Something happened on the way to marriage equality in Georgia. The defender of the state's gay marriage ban is ready for defeat, the anti-gay governor is acquiescing and judges are redesigning marriage licenses. 

Welcome to Georgia, circa June 2015. That's when the U.S. Supreme Court could rule gay marriage legal and invalidate bans remaining in 13 states, including Georgia. Top state officials, including Attorney General Sam Olens and Gov. Nathan Deal, are talking gay marriage ahead of Tuesday, when the high court will hear arguments in four gay marriage cases. The court's decision is expected by late June. 

What are Olens and Deal saying? We're not Alabama. So expect the state to fall in line behind the court's decision if it delivers gay marriage to Georgia. 

“I think we understand that in our republican form of government, that federal, constitutional issues trump state constitutional issues," Deal told WABE. "So we will abide by whatever the Supreme Court rules as an interpretation of the United States Constitution.”

Not that he's happy about, Deal told the AJC.

Deal, who backs the same-sex marriage ban, signaled he is also unlikely to take a defiant stance against gay marriage if it’s legalized. In a recent interview, he said he was most concerned that a court decision could override the will of elected officials.

“This is unfortunately one of those areas that will be determined by federal courts and not a legislative body,” he said.

The governor's comments came after similar remarks from Olens, the chief architect of Georgia's lingering legal fight to keep its gay marriage ban in place. Olens, in fact, has also urged the Supreme Court to uphold marriage bans in Georgia and other states.

But he'll be gracious in defeat, Olens told the Atlanta Press Club on Wednesday.

“If the court rules that Georgia’s constitutional amendment is legal, the press release from my office will be that the Supreme Court has spoken. We’ll follow the law. If the Supreme Court at the end of June says that constitutional amendments like Georgia’s are unconstitutional, the press release from my office is going to be, the Supreme Court has spoken, and Georgia’s going to follow the law.”

And probate judges across Georgia – already making it clear they are ready to issue marriage licenses to gay couples – are redesigning the licenses. "Bride" and "groom" could be replaced with "Applicant 1" and "Applicant 2," Judge Don E. Wilkes, the head of the state's probate judges group, told the Daily Report.

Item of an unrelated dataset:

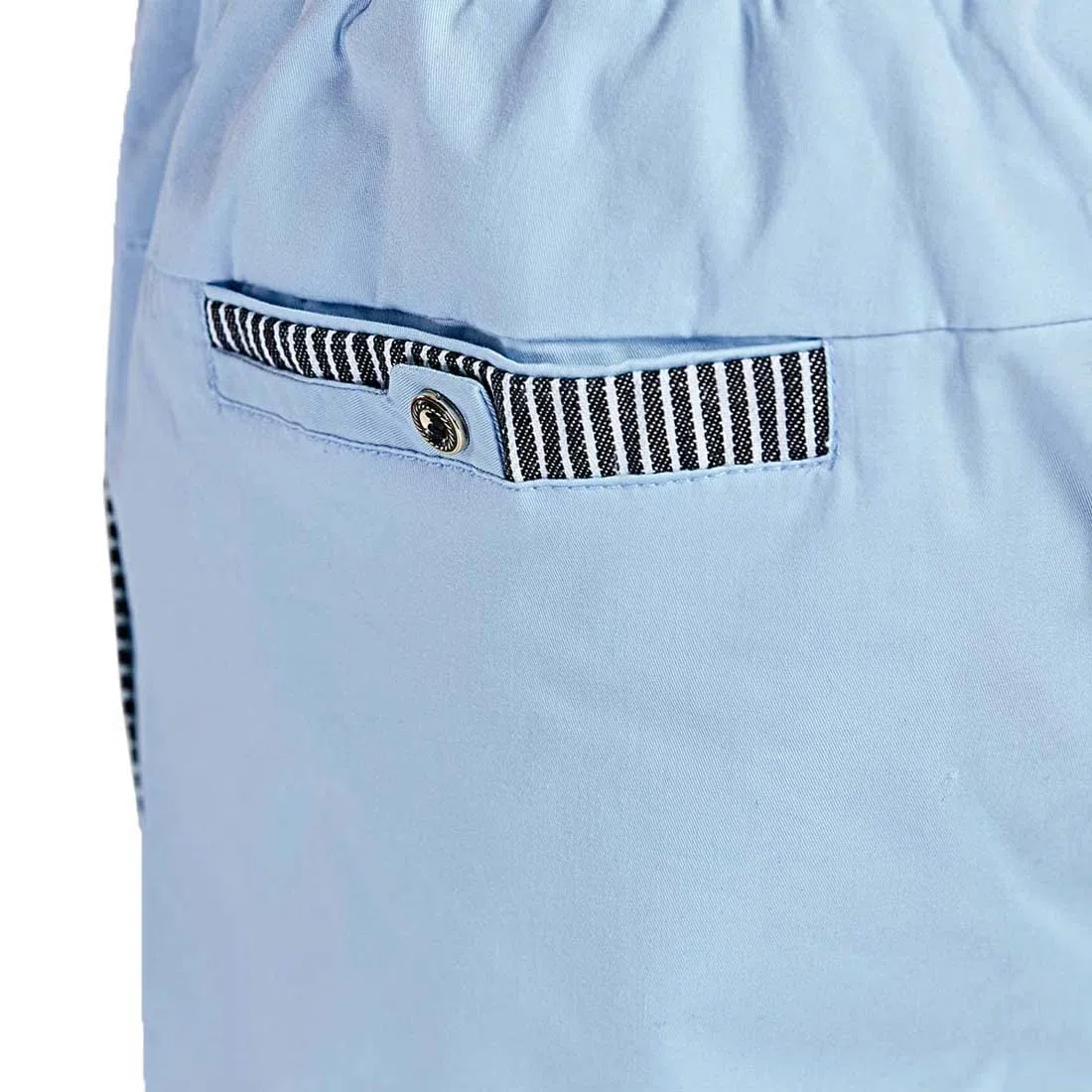 JustSun Kurze Hosen Herren Shorts Chino Baumwolle Sommer mit Tunnelzug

After the meeting, Wilkes said part of the preparedness includes redesigning marriage licenses, which traditionally have listed information for a bride and a groom. If the Supreme Court strikes down same-sex marriage bans, new licenses may list the parties simply as Applicant 1 and Applicant 2, Wilkes said.

"We also looked to see whether there were any conflicting state laws, and we didn't find any," he said.

Another part of preparedness is making sure that probate judges across the state know that there is a pending challenge to Georgia's ban and that the Supreme Court ruling is imminent, said Wilkes.

And here we thought Georgia would only get gay marriage when old people die.